Так и получилось. Танки подъехали к противотанковому рву. Русские немедленно открыли огонь из всех имеющихся у них орудий. Скоро мы перестали что-либо видеть, земля тряслась, каждый танк был окружен взрывами, дымом и огнем. Это был ад! Один из танков с бревнами свалился в ров, но остальные сбросили свой груз так, как это было задумано. Танки второй и третьей волны переехали через ров по проложенному настилу и вышли к высотам прямо перед городом, за ними шли гренадеры на бронетранспортерах и мы на танках Pz-II.

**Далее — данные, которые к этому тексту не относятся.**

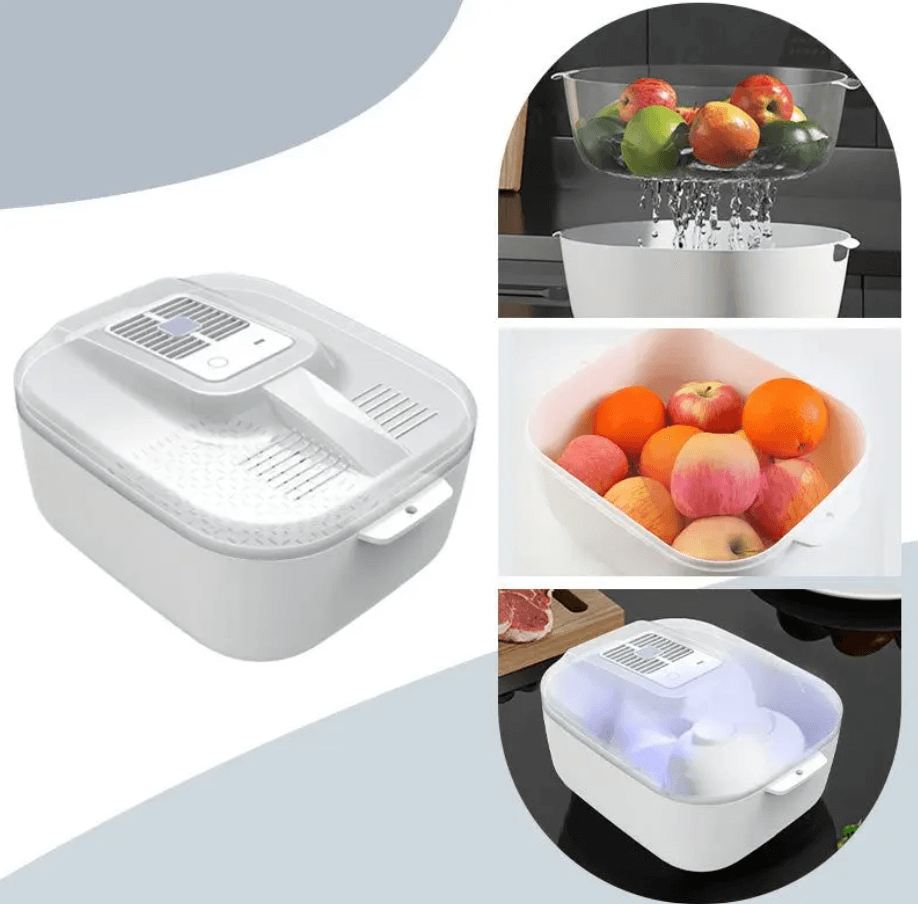 Schnell Auftauen: QuickDefrost - Hygienisch & Tropffrei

Я поднялся на высоту и увидел красные тормозные огни городского трамвая. В этот момент по нам попали. Танк сразу же загорелся, я успел выскочить, а водитель и радист сгорели, не успев покинуть танк. Выскочив из танка, я получил ранение большим осколком мины в ногу, а через короткое время еще пять осколков в бедро. Маленький осколок попал мне в правый глаз, я его не заметил, его мне удалили только в госпитале в Германии. Вскоре подошли санитары и вытащили меня с поля боя, а после обеда меня с еще тремя ранеными товарищами отвезли на главный перевязочный пункт «Ясная поляна». Там меня прооперировали и после операции положили во флигеле. Неожиданно прилетел русский самолет и обстрелял дом, несмотря на вывешенный флаг с красным крестом. На следующий день нас в заполненных соломой товарных вагонах перевезли в госпиталь в Орел. Там я лечился, пока не стал транспортабельным. Примерно через две недели нас погрузили в теплый санитарный поезд, который привез меня в Грюнберг в Силезии.

Там, в лазарете, мне должны были снять гипс, но они этого не сделали. Под гипсом завелись вши. Зуд был невыносимый. Я пытался чесать под гипсом карандашом. Когда в конце концов гипс сняли, под ним вся кожа была съедена вшами, там было просто мясо. Очень, очень плохо…


– Какое отношение было к раненым в Германии? Можно ли сказать, что раненых встречали как героев?

– Нет. Принимали хорошо, но обыденно, героями нас не считали. В феврале был наплыв раненых с Восточного фронта, в основном с обморожениями. Было принято решение выздоравливающих отправлять в больницы у себя на родине. Вот так четыре недели плюс отпуск я провел дома.

По моему заявлению меня отправили в мою старую часть, 3-ю роту 33-го резервного танкового полка в Санкт-Пельтен. Там я прошел трехнедельные курсы по отбору кандидатов в офицеры. Почти четверть участников командование отсеяло. Тем не менее я их успешно окончил и был направлен наводчиком в 1-ю роту 33-го танкового полка под командованием обер-лейтенанта Бюттнера в Россию.